### [TASK DIRECTIONS]
After removing every image, reproduce the data exactly as it appears.

### [DATASET CONTENT]
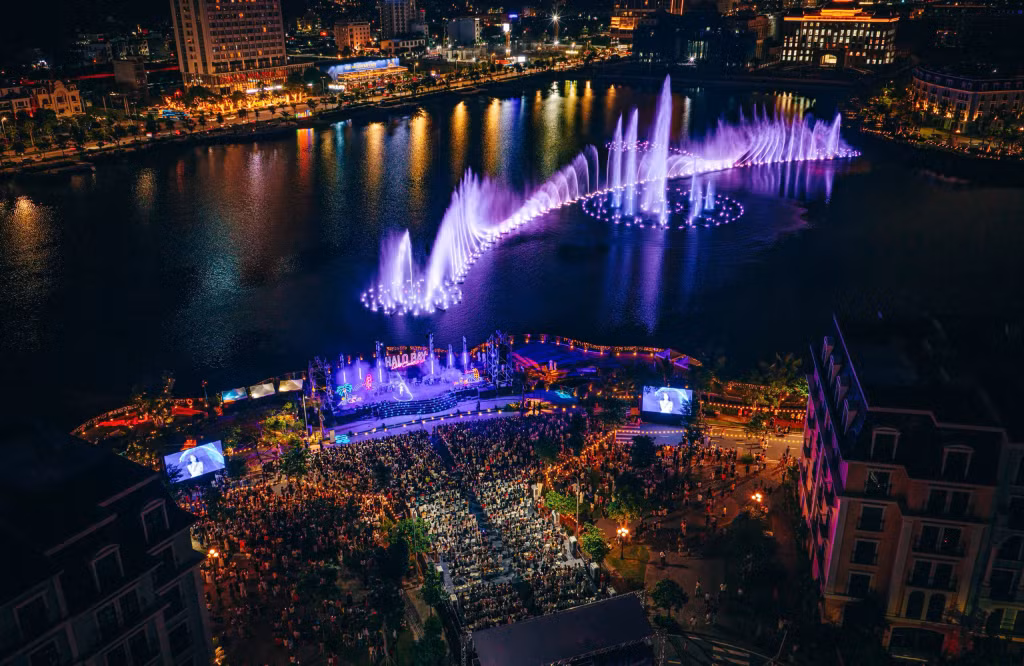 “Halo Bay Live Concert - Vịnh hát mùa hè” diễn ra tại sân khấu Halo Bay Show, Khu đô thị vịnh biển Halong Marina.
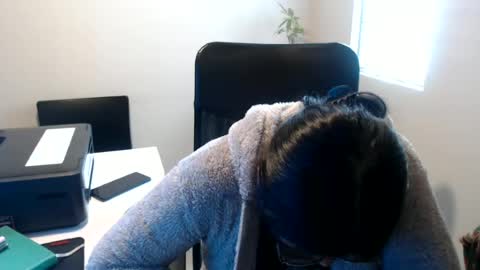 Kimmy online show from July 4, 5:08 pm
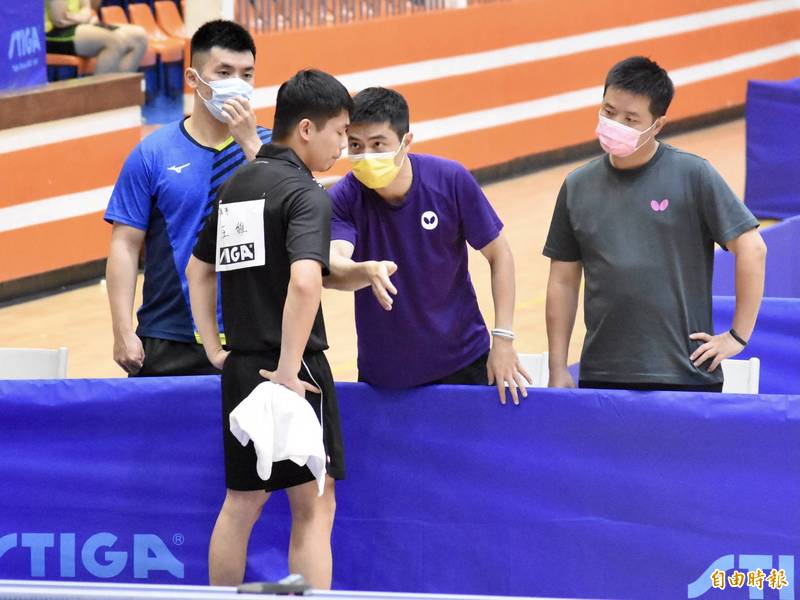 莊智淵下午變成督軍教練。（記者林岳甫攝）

### [EXERCISE OUTPUT]
 “Halo Bay Live Concert - Vịnh hát mùa hè” diễn ra tại sân khấu Halo Bay Show, Khu đô thị vịnh biển Halong Marina.
 Kimmy online show from July 4, 5:08 pm
 莊智淵下午變成督軍教練。（記者林岳甫攝）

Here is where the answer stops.